### Task directions
Please return only the lines from the one holding "Perfect for banquets♪" through the one holding "elora Embellished Sequinned", exactly as they appear in the records below, both ends included.

### Material provided

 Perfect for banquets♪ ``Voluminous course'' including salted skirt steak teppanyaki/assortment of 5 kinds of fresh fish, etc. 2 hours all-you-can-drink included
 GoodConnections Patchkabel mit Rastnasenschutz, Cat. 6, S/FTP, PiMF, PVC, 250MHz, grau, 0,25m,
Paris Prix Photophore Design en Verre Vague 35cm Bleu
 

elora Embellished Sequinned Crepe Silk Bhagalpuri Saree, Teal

---

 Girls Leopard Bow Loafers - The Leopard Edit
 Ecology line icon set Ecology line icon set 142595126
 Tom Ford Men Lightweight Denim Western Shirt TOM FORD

### Problem solution
 Perfect for banquets♪ ``Voluminous course'' including salted skirt steak teppanyaki/assortment of 5 kinds of fresh fish, etc. 2 hours all-you-can-drink included
 GoodConnections Patchkabel mit Rastnasenschutz, Cat. 6, S/FTP, PiMF, PVC, 250MHz, grau, 0,25m,
Paris Prix Photophore Design en Verre Vague 35cm Bleu
 

elora Embellished Sequinned Crepe Silk Bhagalpuri Saree, Teal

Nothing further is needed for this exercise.